90,35 %. Voilà un score qu’on n’avait plus vu depuis l’époque où Mobutu gagnait les élections à l’unanimité… en exil. Brice Oligui Nguema, ancien chef de la garde républicaine, putschiste autodéclaré et cousin par alliance du clan Bongo, vient donc d’être « démocratiquement » plébiscité par un électorat manifestement enthousiaste, ou bien parfaitement encadré.
Ce général passé par la royale académie militaire de Meknès, au Maroc (merci Sa Majesté), n’est pas tombé du ciel, ni des palmiers.
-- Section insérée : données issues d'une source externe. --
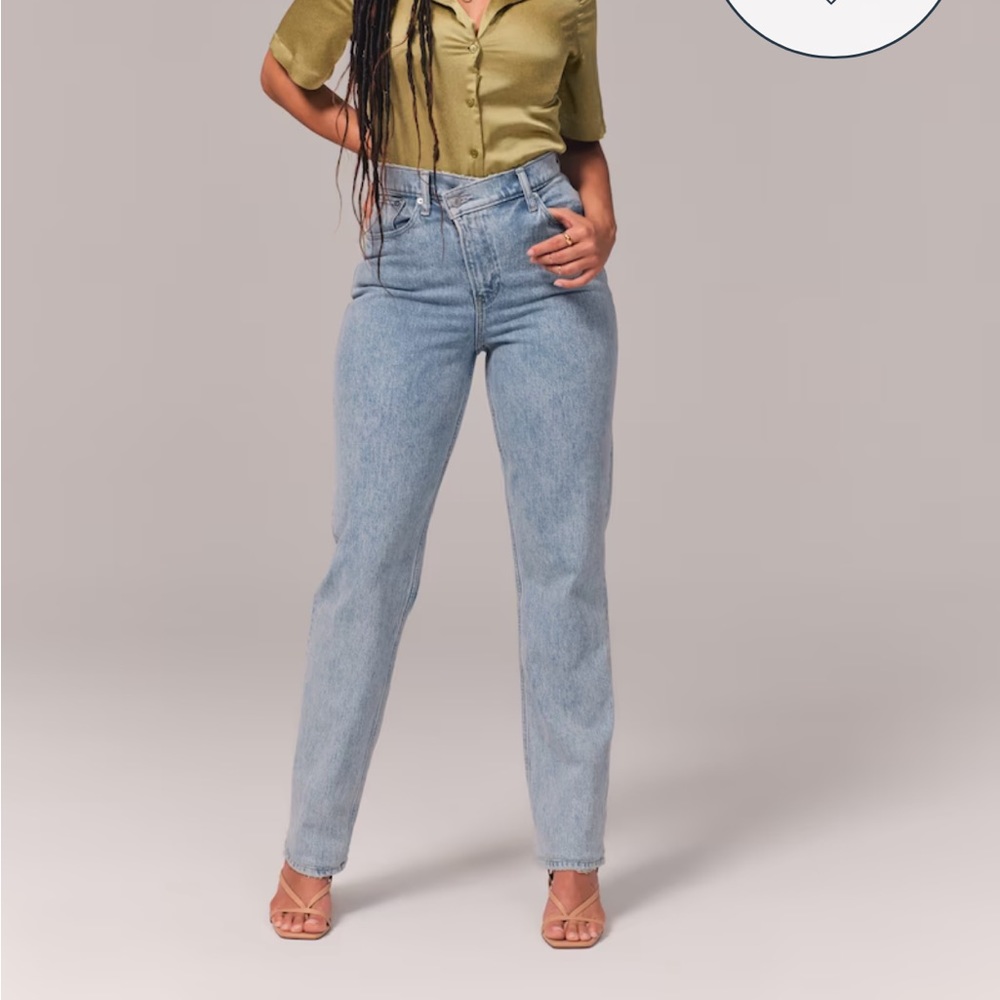 Abercrombie Ultra High Rise 90s Straight Curve Love Jeans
C’est un enfant du sérail, un pur produit de la dynastie Bongo, à laquelle il a juré fidélité… jusqu’à l’opportunité historique du 30 août 2023, date à laquelle il a décidé que les Bongo, ça suffisait. Place aux Oligui. Un coup d’État propre, poli, télévisé, avec Ali Bongo en pantoufles, filmé en train d’appeler ses amis à l’aide. Depuis, plus un bruit du patriarche.
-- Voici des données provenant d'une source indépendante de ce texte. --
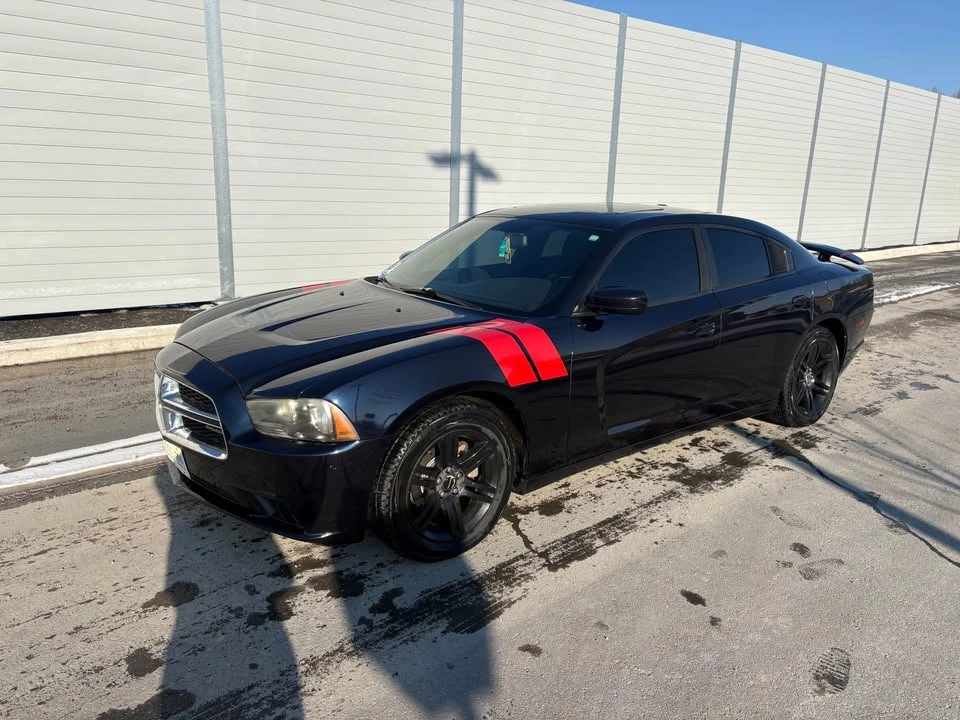2011 Dodge Charger 7th Gen - Image 2 of 10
Mais que les mauvaises langues se calment ! Oligui est un homme neuf, si l’on excepte sa collection de galons, ses accointances familiales avec le pouvoir déchu, son passage aux services secrets de la présidence, et trois petites propriétés discrètes dans la banlieue de Washington, achetées rubis sur l’ongle et cash — selon les enquêteurs de l’OCCRP, qui n’ont pas dû recevoir le carton d’invitation à la cérémonie d’investiture.
À Libreville, les murs du palais n’ont pas changé. Seuls les portraits ont été remplacés. On promet la rupture, mais avec les mêmes têtes, les mêmes méthodes, les mêmes garde-robe kaki. La transition, version Oligui, c’est un long fleuve militaire : on nomme un Premier ministre d’opposition pour la vitrine, on reconduit les vieux copains du Parti démocratique gabonais à l’Assemblée, et on fait la chasse aux vilains corrompus… sauf quand ils portent le même nom.
Marié à Zita, récemment remarié à Anouchka (les généraux ont bon goût et deux alliances), Oligui s’installe dans la durée. Il avait promis qu’il ne serait pas candidat à sa propre succession : le voilà élu président. Par le peuple. À 90 %. On aurait presque envie d’organiser une minute de silence pour les électeurs qui y ont cru.
Et pendant que les capitales occidentales sortent les violons de la « stabilité retrouvée », le Gabon, lui, découvre le recyclage présidentiel. Après le fils Bongo, voici le cousin Oligui. Même palace, même protocole, même promesses de lutte contre la corruption — et mêmes trous noirs dans la déclaration de patrimoine.
Bref, au Gabon, le roi est mort, vive le cousin du roi. Quant à la démocratie, elle repassera. Elle est restée coincée à la douane, entre deux cartons de bulletins déjà cochés.